La saga di Assassin’s Creed è sempre un tema caldo di cui dibattere e terreno di scontro tra gli appassionati. Come in una moderna lotta tra templari e assassini, gli schieramenti si dividono tra gli strenui difensori di un mondo pre-Origins e un’altra frangia che invece ha di buon grado accettato i cambiamenti apportati al franchise. La serie nata nel 2007 ha più di 10 anni alle spalle, anni che è impensabile non leggere anche alla luce delle evoluzioni e delle tendenze che hanno attraversato tutto il mercato dei videogiochi. Una serie che resta immutata e uguale a sé stessa del resto non è meno bersaglio di critiche di una che prova a rivoluzionare le sue caratteristiche fondanti. Con l’avvento di Assassin’s Creed Valhalla è arrivato il momento per la redazione di GameDivision di stilare una top 5 di quelli che, secondo noi, sono i capitoli migliori.

Assassin's Creed 2

Chiedete a chiunque di Assassin’s Creed, anche a un giocatore meno ferrato su ogni aspetto della saga, e sentirete pronunciare queste parole: Assassin’s Creed 2 è il capitolo migliore. Di fronte a questa affermazione abbiamo in realtà ben poco da obiettare. AC2 ebbe il merito di rendere popolare un videogioco che al lancio nel 2007 - con il primo capitolo - non ricevette unanimi consensi né dalla stampa né dal pubblico come diversamente atteso. Assassin's Creed II corresse gran parte di ciò che nel primo gioco non funzionava a dovere rendendo azione e storia molto più coinvolgenti e appassionanti. La natura open world del titolo è molto simile: si corre sui tetti, si scalano imponenti strutture e si assassinano figure chiave, ma il tutto avviene in modo meno macchinoso e con maggiori possibilità sul fronte del gameplay. L’ingegno di Leonardo da Vinci accompagna questi miglioramenti in gioco fornendo quasi metaforicamente il passaggio dalle imperfezioni del primo capitolo agli aggiustamenti del secondo quando porge a Ezio Auditore una nuova lama celata, in continuità con quella di Altair ma al tempo stesso perfezionata.
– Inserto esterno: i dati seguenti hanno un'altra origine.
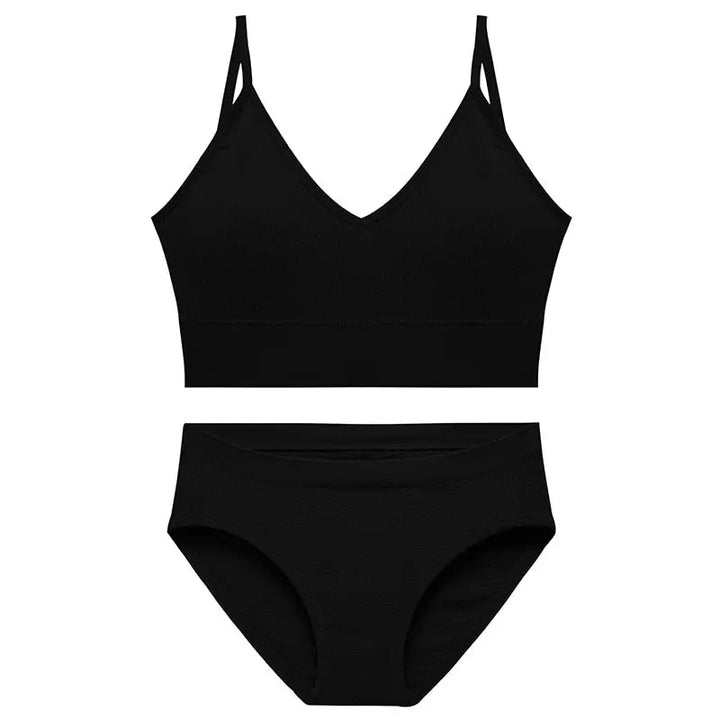 Seamless Sports Bra set Black M for 88lbs-125lbs ( 40-55kg)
L’intreccio presente e passato è mantenuto intatto anche in questo capitolo, riprendendo esattamente da dove si erano sciolte le fila con Desmond Miles, personaggio centrale per lo svolgersi degli eventi ma offuscato sempre dalle gesta sicuramente più avventurose di un lontano discendente. La figura di Ezio Auditore da Firenze non è quella di Altaïr Ibn-La'Ahad, cresciuto e addestrato fin da bambino dalla Confraternita. Ezio è un donnaiolo, attaccabrighe, amante dei piaceri della vita, ma legato fortemente alla famiglia. È una figura fin da subito spensierata, estranea all’Ordine, che diverte e può anche far storcere il naso a qualcuno: non è né un santo né un modello, ed è giusto così. Quello che si impara a conoscere è l’uomo sotto al cappuccio e ci si sente più legati, poi gli eventi prendono una diversa piega e si viene trascinati in una storia di vendetta su uno sfondo incantevole come l’Italia rinascimentale e con una colonna sonora memorabile e mai invadente.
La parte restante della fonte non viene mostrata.